=== Extracted information ===
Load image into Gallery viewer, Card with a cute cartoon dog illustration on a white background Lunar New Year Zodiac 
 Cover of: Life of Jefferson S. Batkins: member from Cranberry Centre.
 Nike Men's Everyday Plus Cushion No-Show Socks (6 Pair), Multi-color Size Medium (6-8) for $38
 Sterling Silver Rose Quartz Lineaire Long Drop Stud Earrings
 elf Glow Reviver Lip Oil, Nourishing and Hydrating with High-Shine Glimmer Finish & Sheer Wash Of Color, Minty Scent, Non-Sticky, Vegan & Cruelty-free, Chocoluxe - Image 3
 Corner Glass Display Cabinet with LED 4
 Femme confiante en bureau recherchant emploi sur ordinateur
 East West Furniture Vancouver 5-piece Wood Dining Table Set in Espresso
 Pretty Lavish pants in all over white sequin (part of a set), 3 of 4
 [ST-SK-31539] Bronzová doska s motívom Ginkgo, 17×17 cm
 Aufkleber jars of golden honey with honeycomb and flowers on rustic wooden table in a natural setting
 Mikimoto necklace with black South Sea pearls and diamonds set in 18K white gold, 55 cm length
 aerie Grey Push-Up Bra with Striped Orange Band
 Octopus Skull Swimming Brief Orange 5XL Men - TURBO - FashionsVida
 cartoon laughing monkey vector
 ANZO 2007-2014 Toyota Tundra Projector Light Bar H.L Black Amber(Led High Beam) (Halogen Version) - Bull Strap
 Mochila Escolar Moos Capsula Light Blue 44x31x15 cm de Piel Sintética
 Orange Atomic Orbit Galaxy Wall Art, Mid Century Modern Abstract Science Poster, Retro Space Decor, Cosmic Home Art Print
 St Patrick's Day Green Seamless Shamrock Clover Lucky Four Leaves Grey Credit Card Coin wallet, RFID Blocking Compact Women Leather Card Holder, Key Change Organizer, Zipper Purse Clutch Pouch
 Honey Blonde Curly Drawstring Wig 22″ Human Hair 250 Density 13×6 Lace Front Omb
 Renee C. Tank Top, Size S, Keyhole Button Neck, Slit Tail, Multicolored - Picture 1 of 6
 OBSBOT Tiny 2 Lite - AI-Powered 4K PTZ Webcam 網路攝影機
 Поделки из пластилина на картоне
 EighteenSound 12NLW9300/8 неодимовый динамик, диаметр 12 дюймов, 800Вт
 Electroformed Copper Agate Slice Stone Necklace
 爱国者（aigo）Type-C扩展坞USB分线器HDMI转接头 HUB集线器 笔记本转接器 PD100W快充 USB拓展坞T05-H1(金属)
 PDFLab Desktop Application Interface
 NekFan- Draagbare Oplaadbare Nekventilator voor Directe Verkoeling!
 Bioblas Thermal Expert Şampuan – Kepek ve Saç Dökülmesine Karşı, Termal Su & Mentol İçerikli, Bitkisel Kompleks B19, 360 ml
===
Work instructions ▸
From the records above, give again exactly the lines running from the line with "Mochila Escolar Moos" to the line with "NekFan- Draagbare Oplaadbare", inclusive.

Output of the exercise ▸
 Mochila Escolar Moos Capsula Light Blue 44x31x15 cm de Piel Sintética
 Orange Atomic Orbit Galaxy Wall Art, Mid Century Modern Abstract Science Poster, Retro Space Decor, Cosmic Home Art Print
 St Patrick's Day Green Seamless Shamrock Clover Lucky Four Leaves Grey Credit Card Coin wallet, RFID Blocking Compact Women Leather Card Holder, Key Change Organizer, Zipper Purse Clutch Pouch
 Honey Blonde Curly Drawstring Wig 22″ Human Hair 250 Density 13×6 Lace Front Omb
 Renee C. Tank Top, Size S, Keyhole Button Neck, Slit Tail, Multicolored - Picture 1 of 6
 OBSBOT Tiny 2 Lite - AI-Powered 4K PTZ Webcam 網路攝影機
 Поделки из пластилина на картоне
 EighteenSound 12NLW9300/8 неодимовый динамик, диаметр 12 дюймов, 800Вт
 Electroformed Copper Agate Slice Stone Necklace
 爱国者（aigo）Type-C扩展坞USB分线器HDMI转接头 HUB集线器 笔记本转接器 PD100W快充 USB拓展坞T05-H1(金属)
 PDFLab Desktop Application Interface
 NekFan- Draagbare Oplaadbare Nekventilator voor Directe Verkoeling!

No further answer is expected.